Computational catalysis for sustainable chemistry: from reaction mechanisms to working devices

Computational catalysis for sustainable chemistry: from reaction mechanisms to working devices

Evgeny A. PidkoInorganic
Materials Chemistry group and Institute for Complex Molecular Systems, Eindhoven University of Technology, P.O. Box 513, 5600 MB Eindhoven

The transfer to sustainable energy and chemistry technologies is one of the important challenges for humanity in the 21st century. In a carbon-constrained economy, CO2 is expected to become an increasingly important source of carbon for chemical industry. In a transition period, the development of more sustainable processes based on natural gas and biomass as a feedstock are required. Catalysis plays a pivotal role in all chemical strategies towards novel more efficient and sustainable processes. They require new more active and selective catalysts for the production of useful chemicals from alternative feedstocks. So far, most developments in catalysis have been largely based on trial-and-error approaches. The grand challenge in the field is to make a step towards the rational design of efficient catalysts for a given chemical reaction. To progress in this direction it is imperative to learn how catalysts promote chemical transformations and how their performance can be controlled.

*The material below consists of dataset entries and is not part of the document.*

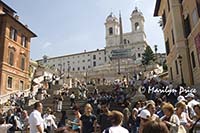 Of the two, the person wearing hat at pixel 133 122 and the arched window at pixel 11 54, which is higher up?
the arched window at pixel 11 54

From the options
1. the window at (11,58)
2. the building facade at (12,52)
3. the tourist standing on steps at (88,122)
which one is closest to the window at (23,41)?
the building facade at (12,52)

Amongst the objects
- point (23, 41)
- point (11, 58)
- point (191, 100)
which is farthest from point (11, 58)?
point (191, 100)

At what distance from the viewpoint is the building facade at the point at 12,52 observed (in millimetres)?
32938

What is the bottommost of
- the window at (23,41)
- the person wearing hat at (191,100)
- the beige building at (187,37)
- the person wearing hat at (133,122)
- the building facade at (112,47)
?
the person wearing hat at (133,122)

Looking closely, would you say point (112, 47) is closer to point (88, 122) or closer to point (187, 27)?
point (187, 27)

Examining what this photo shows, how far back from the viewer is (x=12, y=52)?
3531 centimetres

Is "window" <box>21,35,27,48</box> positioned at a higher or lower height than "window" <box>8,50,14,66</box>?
higher

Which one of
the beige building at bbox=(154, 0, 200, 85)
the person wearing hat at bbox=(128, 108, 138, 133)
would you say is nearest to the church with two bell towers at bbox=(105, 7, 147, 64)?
the beige building at bbox=(154, 0, 200, 85)

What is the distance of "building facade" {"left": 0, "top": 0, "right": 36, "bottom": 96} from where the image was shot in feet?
108

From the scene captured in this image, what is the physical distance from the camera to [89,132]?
7.37m

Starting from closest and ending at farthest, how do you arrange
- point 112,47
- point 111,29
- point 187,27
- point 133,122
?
point 133,122
point 187,27
point 112,47
point 111,29

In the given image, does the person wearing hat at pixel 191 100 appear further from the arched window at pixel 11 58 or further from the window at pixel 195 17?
the arched window at pixel 11 58

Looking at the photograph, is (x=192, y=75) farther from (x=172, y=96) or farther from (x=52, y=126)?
(x=52, y=126)

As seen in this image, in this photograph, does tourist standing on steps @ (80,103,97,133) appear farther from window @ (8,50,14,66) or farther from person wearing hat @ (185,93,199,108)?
window @ (8,50,14,66) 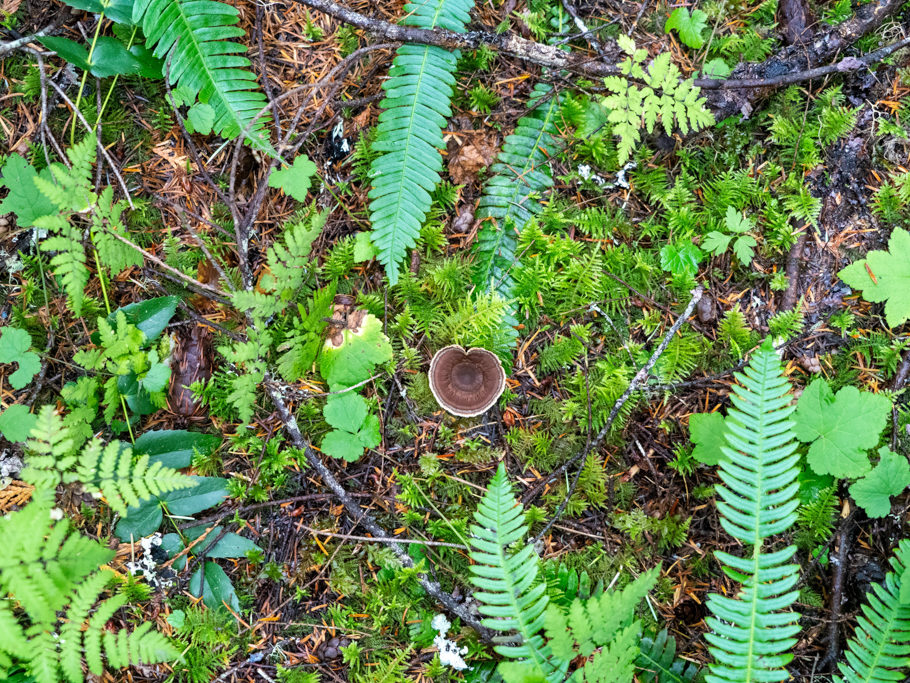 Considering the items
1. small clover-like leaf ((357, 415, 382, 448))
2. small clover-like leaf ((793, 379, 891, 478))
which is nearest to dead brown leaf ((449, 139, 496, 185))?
small clover-like leaf ((357, 415, 382, 448))

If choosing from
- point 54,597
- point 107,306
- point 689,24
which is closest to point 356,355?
point 107,306

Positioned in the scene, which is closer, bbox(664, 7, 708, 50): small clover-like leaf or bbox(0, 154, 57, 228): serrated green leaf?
bbox(0, 154, 57, 228): serrated green leaf

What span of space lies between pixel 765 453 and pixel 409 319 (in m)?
2.17

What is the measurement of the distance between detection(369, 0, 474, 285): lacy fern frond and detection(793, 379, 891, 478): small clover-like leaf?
260 cm

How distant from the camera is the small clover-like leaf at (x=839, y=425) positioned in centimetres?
369

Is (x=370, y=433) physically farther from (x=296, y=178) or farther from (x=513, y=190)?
(x=513, y=190)

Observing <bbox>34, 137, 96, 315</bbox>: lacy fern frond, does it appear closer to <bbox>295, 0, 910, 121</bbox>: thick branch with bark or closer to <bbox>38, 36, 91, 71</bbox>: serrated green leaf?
<bbox>38, 36, 91, 71</bbox>: serrated green leaf

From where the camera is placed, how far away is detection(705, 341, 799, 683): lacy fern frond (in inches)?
126

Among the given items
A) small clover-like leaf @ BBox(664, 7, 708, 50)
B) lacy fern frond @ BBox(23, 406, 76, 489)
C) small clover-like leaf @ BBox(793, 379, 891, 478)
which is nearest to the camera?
lacy fern frond @ BBox(23, 406, 76, 489)

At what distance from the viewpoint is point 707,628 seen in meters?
3.81

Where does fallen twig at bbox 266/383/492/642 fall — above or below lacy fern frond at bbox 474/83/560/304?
below

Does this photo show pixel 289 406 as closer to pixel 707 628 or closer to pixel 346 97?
pixel 346 97

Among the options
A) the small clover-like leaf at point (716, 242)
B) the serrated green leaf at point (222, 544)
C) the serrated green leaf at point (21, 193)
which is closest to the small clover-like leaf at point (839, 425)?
the small clover-like leaf at point (716, 242)

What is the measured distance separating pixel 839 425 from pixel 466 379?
2.23m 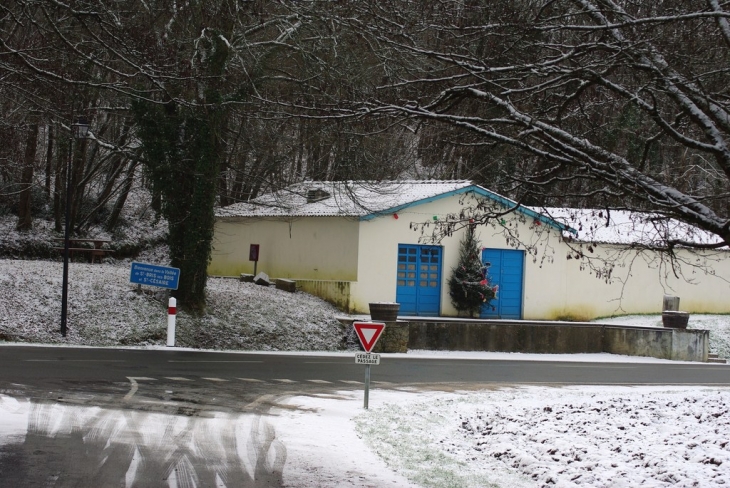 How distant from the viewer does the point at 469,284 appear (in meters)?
30.4

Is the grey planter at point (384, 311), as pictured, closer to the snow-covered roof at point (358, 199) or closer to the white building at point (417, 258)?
the snow-covered roof at point (358, 199)

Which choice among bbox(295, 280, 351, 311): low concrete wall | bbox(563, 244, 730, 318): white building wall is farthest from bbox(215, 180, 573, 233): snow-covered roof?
bbox(563, 244, 730, 318): white building wall

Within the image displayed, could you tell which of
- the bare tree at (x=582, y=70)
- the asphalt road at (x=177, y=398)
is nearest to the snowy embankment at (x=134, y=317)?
the asphalt road at (x=177, y=398)

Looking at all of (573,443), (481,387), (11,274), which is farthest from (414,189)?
(573,443)

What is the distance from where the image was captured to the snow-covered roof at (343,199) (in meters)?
29.2

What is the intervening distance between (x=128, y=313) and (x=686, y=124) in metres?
15.2

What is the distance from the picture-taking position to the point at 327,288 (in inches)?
1192

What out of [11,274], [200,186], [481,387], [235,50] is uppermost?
[235,50]

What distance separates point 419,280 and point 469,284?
5.45ft

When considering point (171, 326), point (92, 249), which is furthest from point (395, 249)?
point (92, 249)

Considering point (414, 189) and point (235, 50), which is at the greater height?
point (235, 50)

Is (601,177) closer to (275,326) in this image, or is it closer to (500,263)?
(275,326)

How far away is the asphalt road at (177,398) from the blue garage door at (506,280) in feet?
25.9

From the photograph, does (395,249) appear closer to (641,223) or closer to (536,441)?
(641,223) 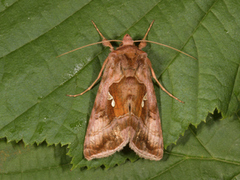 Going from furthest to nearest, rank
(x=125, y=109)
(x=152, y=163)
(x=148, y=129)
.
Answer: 1. (x=152, y=163)
2. (x=148, y=129)
3. (x=125, y=109)

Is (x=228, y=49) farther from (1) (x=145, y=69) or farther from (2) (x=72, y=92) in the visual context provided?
(2) (x=72, y=92)

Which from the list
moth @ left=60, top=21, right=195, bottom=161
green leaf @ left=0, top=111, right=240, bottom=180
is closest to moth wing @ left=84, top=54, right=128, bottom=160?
moth @ left=60, top=21, right=195, bottom=161

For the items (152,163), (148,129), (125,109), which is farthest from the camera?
(152,163)

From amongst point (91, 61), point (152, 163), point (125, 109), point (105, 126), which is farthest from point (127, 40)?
point (152, 163)

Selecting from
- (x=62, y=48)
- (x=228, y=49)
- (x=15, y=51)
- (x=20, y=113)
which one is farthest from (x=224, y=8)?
(x=20, y=113)

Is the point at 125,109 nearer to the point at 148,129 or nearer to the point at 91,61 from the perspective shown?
the point at 148,129

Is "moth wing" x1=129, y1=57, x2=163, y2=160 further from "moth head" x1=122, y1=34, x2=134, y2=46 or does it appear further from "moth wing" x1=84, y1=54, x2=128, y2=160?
"moth head" x1=122, y1=34, x2=134, y2=46

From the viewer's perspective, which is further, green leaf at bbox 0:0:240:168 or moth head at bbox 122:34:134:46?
moth head at bbox 122:34:134:46

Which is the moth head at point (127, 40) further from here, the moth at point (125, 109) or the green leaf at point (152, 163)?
the green leaf at point (152, 163)
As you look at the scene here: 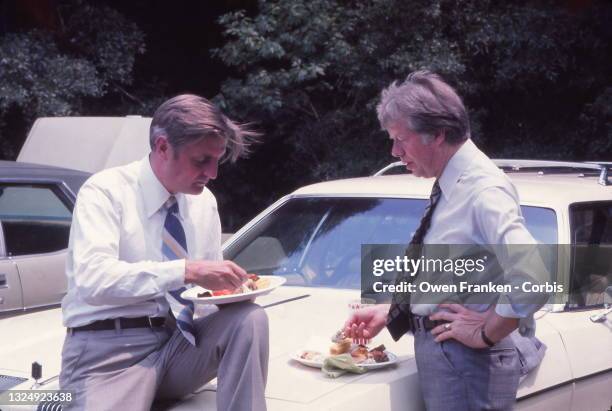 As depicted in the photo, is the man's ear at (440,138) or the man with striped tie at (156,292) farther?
the man's ear at (440,138)

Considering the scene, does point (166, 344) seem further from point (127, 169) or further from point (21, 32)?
point (21, 32)

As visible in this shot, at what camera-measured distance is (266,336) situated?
2.55m

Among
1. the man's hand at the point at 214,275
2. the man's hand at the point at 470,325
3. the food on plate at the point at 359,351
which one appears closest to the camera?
the man's hand at the point at 214,275

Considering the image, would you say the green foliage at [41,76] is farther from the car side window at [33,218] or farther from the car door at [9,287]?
the car door at [9,287]

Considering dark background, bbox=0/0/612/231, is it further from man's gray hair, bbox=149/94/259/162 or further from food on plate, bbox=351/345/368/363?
man's gray hair, bbox=149/94/259/162

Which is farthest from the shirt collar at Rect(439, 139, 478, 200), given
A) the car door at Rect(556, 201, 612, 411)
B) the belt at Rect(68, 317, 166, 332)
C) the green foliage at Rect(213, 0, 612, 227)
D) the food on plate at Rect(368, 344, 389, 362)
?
the green foliage at Rect(213, 0, 612, 227)

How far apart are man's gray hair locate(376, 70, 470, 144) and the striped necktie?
770 mm

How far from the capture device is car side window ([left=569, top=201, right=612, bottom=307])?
3.79m

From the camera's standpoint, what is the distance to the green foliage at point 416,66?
458 inches

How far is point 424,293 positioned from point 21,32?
34.3 ft

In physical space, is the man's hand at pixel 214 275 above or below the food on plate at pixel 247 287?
above

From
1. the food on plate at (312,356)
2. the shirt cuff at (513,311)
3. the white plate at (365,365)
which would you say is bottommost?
the white plate at (365,365)

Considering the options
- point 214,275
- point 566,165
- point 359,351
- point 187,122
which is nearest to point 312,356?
point 359,351

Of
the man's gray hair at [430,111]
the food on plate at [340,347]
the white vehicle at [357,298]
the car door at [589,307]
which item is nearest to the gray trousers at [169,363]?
the white vehicle at [357,298] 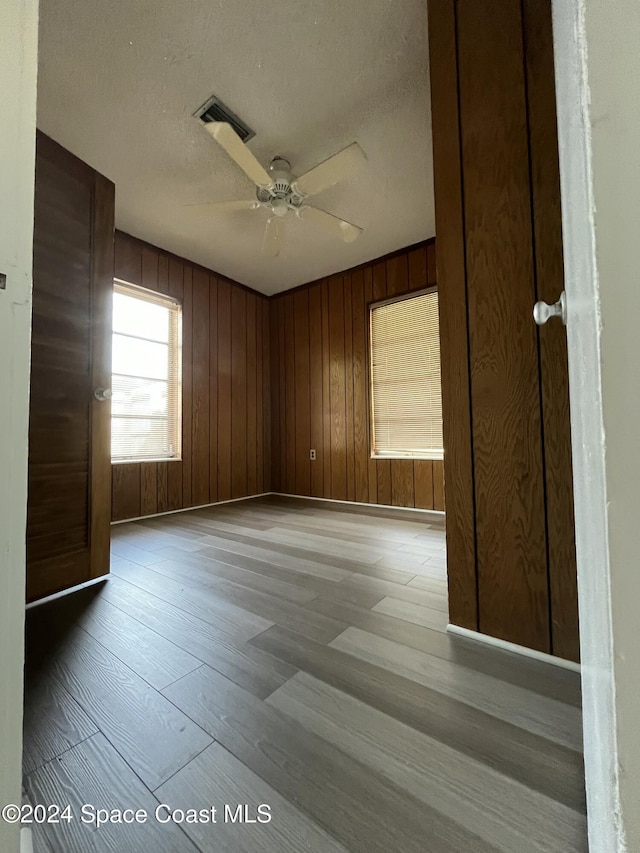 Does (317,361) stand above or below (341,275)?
below

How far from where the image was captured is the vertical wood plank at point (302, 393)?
12.5 ft

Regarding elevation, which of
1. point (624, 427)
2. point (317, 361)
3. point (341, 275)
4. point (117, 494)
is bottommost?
point (117, 494)

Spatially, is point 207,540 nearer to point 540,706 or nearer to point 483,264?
point 540,706

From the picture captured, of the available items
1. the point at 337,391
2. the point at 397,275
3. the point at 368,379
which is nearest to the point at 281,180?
the point at 397,275

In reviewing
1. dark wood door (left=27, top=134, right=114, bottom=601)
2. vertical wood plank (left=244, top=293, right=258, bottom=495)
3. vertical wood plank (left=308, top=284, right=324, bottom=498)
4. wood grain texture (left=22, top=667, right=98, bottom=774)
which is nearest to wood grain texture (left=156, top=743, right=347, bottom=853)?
wood grain texture (left=22, top=667, right=98, bottom=774)

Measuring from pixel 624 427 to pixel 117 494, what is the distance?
3.21 m

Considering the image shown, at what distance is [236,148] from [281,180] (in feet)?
1.34

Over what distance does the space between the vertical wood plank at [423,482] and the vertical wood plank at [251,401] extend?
73.5 inches

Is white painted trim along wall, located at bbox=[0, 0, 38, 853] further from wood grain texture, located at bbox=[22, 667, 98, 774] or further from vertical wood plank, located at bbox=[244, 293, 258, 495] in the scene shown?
vertical wood plank, located at bbox=[244, 293, 258, 495]

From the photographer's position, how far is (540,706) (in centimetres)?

In this lecture, I will show how modern computational chemistry can provide such information and thus create a foundation for the rational catalyst design. Several examples from my recent studies on catalytic C1 chemistry will be discussed. The main focus will be on such processes as the direct oxidation of methane,[1] Ni-catalyzed synthesis of acrylates via CO2 coupling with ethylene[2] and the reversible hydrogenation of CO2 by Ru pincer catalysts.[3] With these examples, I will illustrate how theoretical calculations complemented by dedicated experiments can help creating a molecularly resolved picture of complex catalytic processes and how this knowledge can guide the  development of new and improved catalytic systems, which create a basis for engineering innovative technological solutions.


[1]           (a) S. Grundner, M.A.C. Markovits, G. Li, M. Tromp, E.A. Pidko, E.J.M. Hensen, A. Jentys, M. Sanchez-Sanchez,   J.A. Lercher, Nat. Commun. 2015, 6, 7546; (b) G. Li, P. Vassilev, M. Sanchez-Sanchez, J.A. Lercher, E.J.M. Hensen, E.A. Pidko, J. Catal. 2016, 338, 305.

[2]           (a) G. Yang, B. Schäffner, M. Blug, E.J.M. Hensen, E.A. Pidko, ChemCatChem 2014, 6, 800; 2; (b) C. Hendriksen, E.A. Pidko, G. Yang, B. Schäffner, D. Vogt, Chem. Eur. J. 2014, 20, 12037.

[3]           (a) G.A. Filonenko, E.J.M. Hensen, E.A. Pidko, Catal. Sci. Technol. 2014, 4, 3474; (b)           G.A. Filonenko, R. van Putten, E.N. Schulpen, E. Hensen, E.A. Pidko, ChemCatChem 2014, 6, 1526; (c) G.A. Filonenko, D. Smykowski, B.M. Szyja, E.J.M. Hensen, E.A. Pidko, ACS Catal. 2015, 5, 1145.